For a second everything went quiet in the cab, then the driver said, "Look mate, don't ever do that again. You scared the daylights out of me!" The passenger apologized and said, "I didn't realize that a little tap would scare you so much. "The driver replied, "Sorry, it's not really your fault. Today is my first day as a cab driver. I've been driving a funeral van for the last 25 years."
 
Next time I see a dead deer on the side of the road I'm going to leave and come back dressed as Santa Clause with a sign that says, "Help, need ride."
 
hickory dickory dock 3 mice run up a clock, the clock struck one the other 2 got away with minor injuries.......
 
Do you realize that a woman's "I'll be ready in five minutes." and a guy's " I'll be home in five minutes." are exactly the same?
 
A koala was sitting in a tree smoking a joint when a little lizard looked up and said "Hey Koala, What are you doing?" The Koala said "smoking a joint, come on up and have some" So the lizard climbed up to the Koala where they shared a few joints. After a while the lizard said that his mouth was 'dry' and that he was going to the river for a drink. The little lizard was sooo stoned that when he we...nt for a drink, he fell in. A crocodile saw this and swam over to help him. The crocodile asked "What's the matter with you?" The little lizard explained about sitting with the Koala & smoking joints!! The Croc thought he better check this out, so he wandered into the trees, looked up to where the Koala was finnishing a joint and the Croc said "Hey you" The Koala looked down and said "FAAAAARK DUDE! How much water did you drink??....
 
I've just got home to find all the windows and doors wide open. They've taken everything... it's all gone. The dirty rotten thieving bastards. What kind of sick minded person would do that to another person? Arrgghhh you are not human.
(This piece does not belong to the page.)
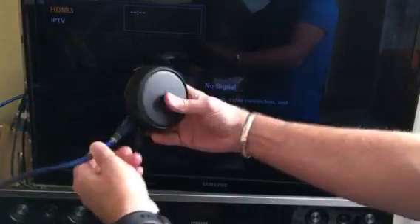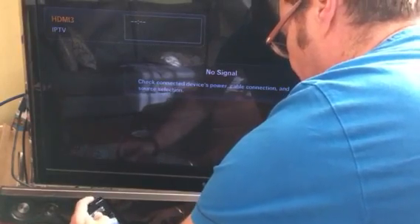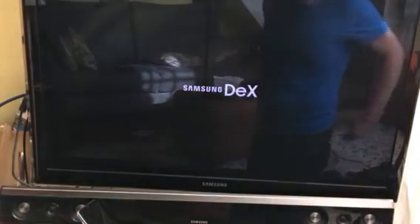So this is just a Dex power supply, HDMI, there's a dongle which is just for the mouse, and the Samsung S8 connects — so that's kind of Dex loading up.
You are low life scum ................ That was my advent calender and you had no right to open it and eat all my chocolates!!!!!!!
 
 
I went to the zoo the other day, theres this elephant there and if you make him sit down you win $100,so asked if i could have a go, i punched the elephant straight in the balls, he sat down and i won the money. zoo keep was not pleased, so a few days later i went to the zoo in disguise ,walked up to were the elphants were and asked if could have a go at making the elphant sit. the zoo keeper said... shure this time you can win $200 if you can make the elephant ,nod his head, shake his head ,then sit down....so i walked up to the elephant pulled of my disguise and said , do you rember (me elephant nods),do you want some more (elephants shakes head)...well sit the fuck down then..(elephant sits )
 
REMEMBER THIS AT CHRISTMAS TIME

According to the Alaska Department of Fish and Game, while both male and female reindeer grow antlers in the summer each year, male reindeer drop their antlers at the beginning of winter, usually late November to mid-December.

Female reindeer retain their antlers till after they give birth in the spring. Therefore, according to EVERY historical rendition depicting Santa's reindeer, EVERY single one of them, from Rudolph to Blitzen, had to be a female.

We should've known... ONLY women would be able to drag the chubby man in a red velvet suit all around the world in one night and not get lost.